The Danish health care system is moving towards the establishment of six new ‘superhospitals' with less inpatient accommodation and an increased number of patients receiving outpatient or short stay care. In 2017 1,7 million people attended the Danish Emergency departments (ED), and from that number 1,2 million were diagnosed, treated and discharged without hospitalization. The number is expected to increase because of the new hospital organization and demographic changes. The care provided in ED's will influence patients experience of current stay but also affect their ability to understand and relate health information for maintaining their health as an outpatient. Studies describe that patients feel ED nurses seem to lose interest in the patient's life situation after the most acute treatment has been started. 30% of the patients attending the ED did not report that they were included in decision making process. Improving quality of care is to give patients a stronger voice and to identify the resource's they do or do not possess. To manage that in a short-term meeting requires ability to assess and engage with patients to meet their needs and tailor care. Research identified which outcomes of ED care patients value into 4 main outcomes; Understanding, Symptom Relief, Reassurance and Having a plan, but did not identify interventions to assess and tailor care of the valued outcomes, leaving problems unsolved.
The overall aim is to improve patient outcomes by nurse assessment and tailoring person-centred care for adults and relatives discharged from the ED < 24 hours. Intentions is to secure patients and their relatives experience best possible support in current life situation making them able to handle their everyday life after leaving the ED.

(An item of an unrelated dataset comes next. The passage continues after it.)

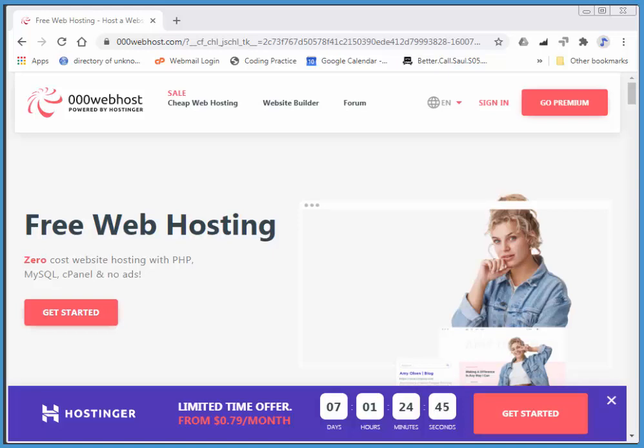Hi there. In this screencast, I'll sign up for a free hosting site at 000webhost.com. The reason for this is I'll need a web server so I can run PHP MySQL as well as phpMyAdmin so I can manipulate my databases.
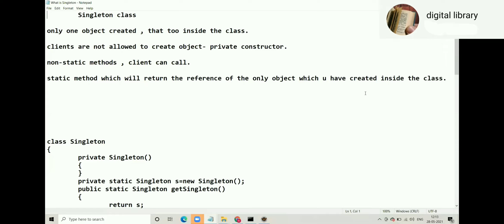How will you ensure that clients will not be able to create an object? By providing a private constructor. If your constructor is private, the client cannot create the object. At the same time, the class can have non-static methods which the client can call. Now think: if there are non-static methods in the class, how do you call them?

Context and research design:
The study is designed to uncover the diversity in acute settings, and to secure generalizability data will be collected at:
1) The ED, Odense University Hospital
2) The ED, Hospital of Southwest Jutland.
The research design is Participatory Design with the purpose of representing future end-users in designing an intervention strategy that create assessment and possibilities to tailor care.
Study I: Exploration of current practices and family unit needs
Field observational studies: the observations are expected to bring observational perspectives into assessment of patient's needs and is carried out in both ED's. Individual interviews: 20 patients and relatives equally collected from both sites will be interviewed within the first week after their emergency visit by telephone.
Focus group interviews with nurses and physicians:
4 focus groups interviews. The interactions between participants, can lead to informers contributing spontaneous and new ideas are created.
Study II: Designing and developing an intervention
As method in study II three workshops will be conducted. During this process patients, relatives and healthcare professionals representing future end-users take an active part to predict possible obstacles or challenges with the prototype.
1) Design workshop with idea generation. Tools to facilitate could be 'personas'
2) Mock-up workshop, with the intention to create temporary prototype.
Relevant collaborators will be included e.g. IT software engineers.
3) A “laboratory” workshop testing the prototype in a clinical setting.
Study III: Testing in clinical practice
Methods: A pre- and posttest design without a control group using questionnaires to address both effectiveness and acceptability.
At baseline the chosen questionnaire will be handed to 407 patients/caregivers based on a=0.050 and a power of 80 %, from that number a dropout of 30% is considered. We accept an increase of, yet undefined outcomes, with 10% improvement. Same number of patients will be included after implementing the intervention.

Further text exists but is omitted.